▸ **EXERCISE DIRECTIONS**: Could you reproduce the lines below from the one with "Chef Works Lyon" through the one with "Polly McQuinn Reserve"? Keep both ends and add nothing.
━━ ENTRIES SHOWN ━━
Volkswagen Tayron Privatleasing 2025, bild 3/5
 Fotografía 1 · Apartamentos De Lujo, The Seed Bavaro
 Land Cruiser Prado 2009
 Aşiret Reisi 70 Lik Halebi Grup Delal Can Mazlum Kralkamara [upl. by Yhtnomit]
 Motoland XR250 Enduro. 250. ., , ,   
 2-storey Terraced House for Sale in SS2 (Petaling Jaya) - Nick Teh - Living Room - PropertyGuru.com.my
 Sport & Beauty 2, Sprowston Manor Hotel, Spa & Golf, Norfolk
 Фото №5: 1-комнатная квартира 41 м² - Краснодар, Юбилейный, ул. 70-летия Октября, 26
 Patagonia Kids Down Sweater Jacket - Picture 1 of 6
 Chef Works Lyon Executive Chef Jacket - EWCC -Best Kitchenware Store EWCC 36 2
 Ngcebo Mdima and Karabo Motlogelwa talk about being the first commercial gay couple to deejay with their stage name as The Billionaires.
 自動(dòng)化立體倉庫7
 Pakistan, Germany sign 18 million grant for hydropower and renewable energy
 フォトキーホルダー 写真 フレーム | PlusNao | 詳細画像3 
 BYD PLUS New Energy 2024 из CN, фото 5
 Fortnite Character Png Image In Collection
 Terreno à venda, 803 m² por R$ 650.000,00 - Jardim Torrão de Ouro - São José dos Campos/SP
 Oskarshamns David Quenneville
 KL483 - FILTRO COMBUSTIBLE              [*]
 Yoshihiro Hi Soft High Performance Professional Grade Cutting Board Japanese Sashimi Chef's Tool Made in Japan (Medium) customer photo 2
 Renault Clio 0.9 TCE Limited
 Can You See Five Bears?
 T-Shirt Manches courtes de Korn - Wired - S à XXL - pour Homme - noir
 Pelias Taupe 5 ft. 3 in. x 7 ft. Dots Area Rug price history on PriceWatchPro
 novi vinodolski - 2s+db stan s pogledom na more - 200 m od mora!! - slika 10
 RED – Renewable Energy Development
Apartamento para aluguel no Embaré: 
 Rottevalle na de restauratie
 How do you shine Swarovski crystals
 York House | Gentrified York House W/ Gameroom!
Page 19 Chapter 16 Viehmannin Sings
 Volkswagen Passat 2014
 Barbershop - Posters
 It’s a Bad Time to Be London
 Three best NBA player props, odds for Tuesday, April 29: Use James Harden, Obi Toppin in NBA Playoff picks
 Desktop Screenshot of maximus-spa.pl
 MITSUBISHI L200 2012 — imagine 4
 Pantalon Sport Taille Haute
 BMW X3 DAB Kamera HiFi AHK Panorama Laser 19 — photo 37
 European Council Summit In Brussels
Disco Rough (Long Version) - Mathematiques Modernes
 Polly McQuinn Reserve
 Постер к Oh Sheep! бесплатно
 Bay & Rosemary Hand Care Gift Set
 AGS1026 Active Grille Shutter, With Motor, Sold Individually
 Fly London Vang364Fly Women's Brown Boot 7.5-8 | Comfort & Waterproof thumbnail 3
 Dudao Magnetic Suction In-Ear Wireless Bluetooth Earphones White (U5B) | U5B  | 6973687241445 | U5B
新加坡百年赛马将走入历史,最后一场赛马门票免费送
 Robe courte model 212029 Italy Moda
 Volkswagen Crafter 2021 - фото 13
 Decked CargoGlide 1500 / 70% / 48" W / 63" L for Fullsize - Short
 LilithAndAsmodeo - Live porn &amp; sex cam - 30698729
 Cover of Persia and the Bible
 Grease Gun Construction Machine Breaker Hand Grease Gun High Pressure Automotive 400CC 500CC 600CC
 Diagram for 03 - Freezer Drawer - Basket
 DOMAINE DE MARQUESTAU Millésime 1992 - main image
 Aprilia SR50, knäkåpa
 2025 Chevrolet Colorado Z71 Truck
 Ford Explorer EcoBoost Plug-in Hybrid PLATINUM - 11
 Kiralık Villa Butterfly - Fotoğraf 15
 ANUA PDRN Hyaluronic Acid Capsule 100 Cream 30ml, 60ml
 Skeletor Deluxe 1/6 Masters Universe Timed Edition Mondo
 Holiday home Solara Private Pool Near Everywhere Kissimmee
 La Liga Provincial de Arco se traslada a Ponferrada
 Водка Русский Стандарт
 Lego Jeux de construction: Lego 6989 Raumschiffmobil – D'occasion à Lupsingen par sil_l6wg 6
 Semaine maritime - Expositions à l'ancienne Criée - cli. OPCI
━━━
▸ **TASK RESULT**:
 Chef Works Lyon Executive Chef Jacket - EWCC -Best Kitchenware Store EWCC 36 2
 Ngcebo Mdima and Karabo Motlogelwa talk about being the first commercial gay couple to deejay with their stage name as The Billionaires.
 自動(dòng)化立體倉庫7
 Pakistan, Germany sign 18 million grant for hydropower and renewable energy
 フォトキーホルダー 写真 フレーム | PlusNao | 詳細画像3 
 BYD PLUS New Energy 2024 из CN, фото 5
 Fortnite Character Png Image In Collection
 Terreno à venda, 803 m² por R$ 650.000,00 - Jardim Torrão de Ouro - São José dos Campos/SP
 Oskarshamns David Quenneville
 KL483 - FILTRO COMBUSTIBLE              [*]
 Yoshihiro Hi Soft High Performance Professional Grade Cutting Board Japanese Sashimi Chef's Tool Made in Japan (Medium) customer photo 2
 Renault Clio 0.9 TCE Limited
 Can You See Five Bears?
 T-Shirt Manches courtes de Korn - Wired - S à XXL - pour Homme - noir
 Pelias Taupe 5 ft. 3 in. x 7 ft. Dots Area Rug price history on PriceWatchPro
 novi vinodolski - 2s+db stan s pogledom na more - 200 m od mora!! - slika 10
 RED – Renewable Energy Development
Apartamento para aluguel no Embaré: 
 Rottevalle na de restauratie
 How do you shine Swarovski crystals
 York House | Gentrified York House W/ Gameroom!
Page 19 Chapter 16 Viehmannin Sings
 Volkswagen Passat 2014
 Barbershop - Posters
 It’s a Bad Time to Be London
 Three best NBA player props, odds for Tuesday, April 29: Use James Harden, Obi Toppin in NBA Playoff picks
 Desktop Screenshot of maximus-spa.pl
 MITSUBISHI L200 2012 — imagine 4
 Pantalon Sport Taille Haute
 BMW X3 DAB Kamera HiFi AHK Panorama Laser 19 — photo 37
 European Council Summit In Brussels
Disco Rough (Long Version) - Mathematiques Modernes
 Polly McQuinn Reserve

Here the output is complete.